Image-caption web data:
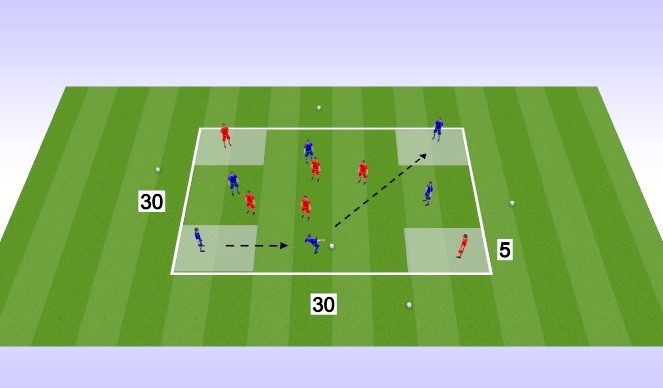 Football/Soccer Session Plan Drill (Colour): 4-Corners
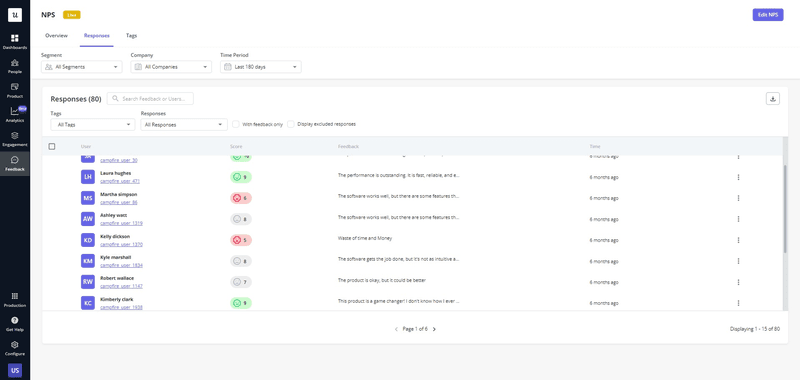 How to improve customer retention: collect customer feedback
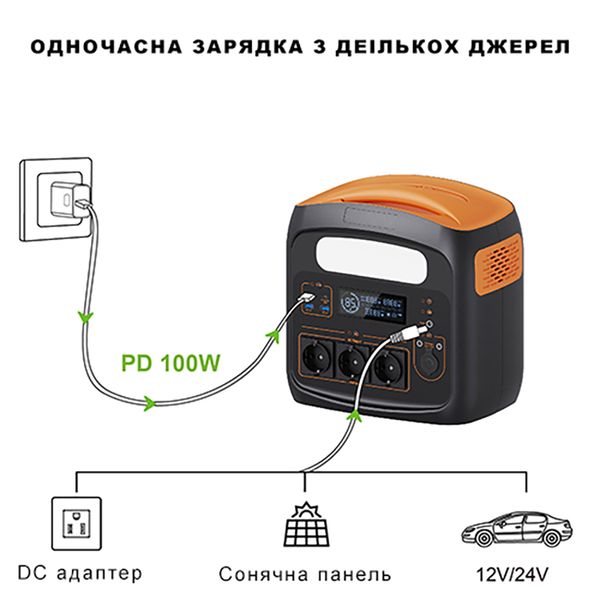 Портативна зарядна станція 700W/1200W(Max) PROTESTER PRO-PS700N  PRO-PS700N фото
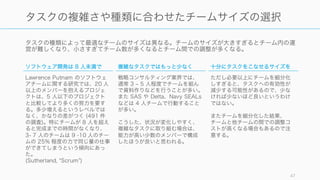 Photo/image credit should read: (cc) Kenneth Yeung -www.snapfoc.us
https://www.flickr.com/photos/kyeung808/7412662724/
47
組織デザインで第一に覚えておく
べきルールは、すべての組織デザ
インは悪いということだ。あらゆ
る組織デザインは、会社のある部
分のコミュニケーションを犠牲に
することによって、他部分のコ
ミュニケーションを改善する
- Ben Horowitz
Andreessen Horowitz
“Hard Thing about Hard Things”
 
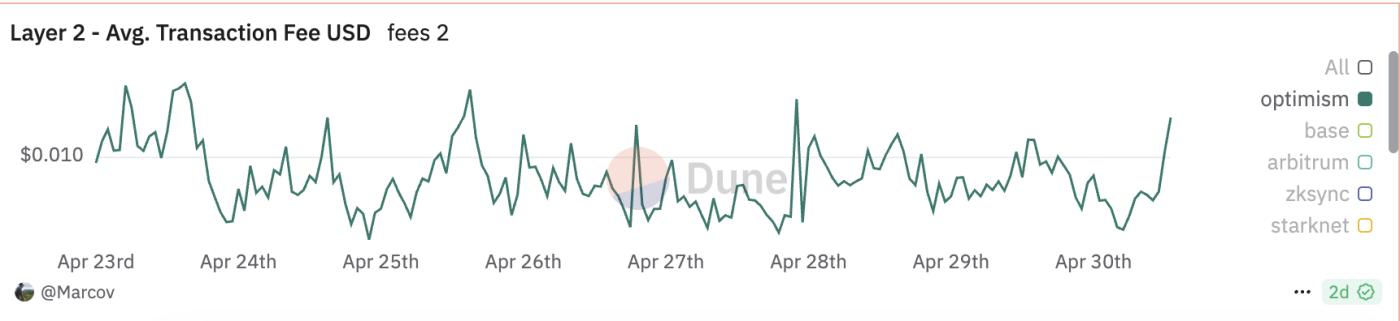 Optimism Average Transaction Fee.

EXERCISE DESCRIPTION:
Repeat every line above precisely; pictures do not belong in the copy.

RESULT OF THE EXERCISE:
 Football/Soccer Session Plan Drill (Colour): 4-Corners
 How to improve customer retention: collect customer feedback
 Портативна зарядна станція 700W/1200W(Max) PROTESTER PRO-PS700N  PRO-PS700N фото
 Photo/image credit should read: (cc) Kenneth Yeung -www.snapfoc.us
https://www.flickr.com/photos/kyeung808/7412662724/
47
組織デザインで第一に覚えておく
べきルールは、すべての組織デザ
インは悪いということだ。あらゆ
る組織デザインは、会社のある部
分のコミュニケーションを犠牲に
することによって、他部分のコ
ミュニケーションを改善する
- Ben Horowitz
Andreessen Horowitz
“Hard Thing about Hard Things”
 
 Optimism Average Transaction Fee.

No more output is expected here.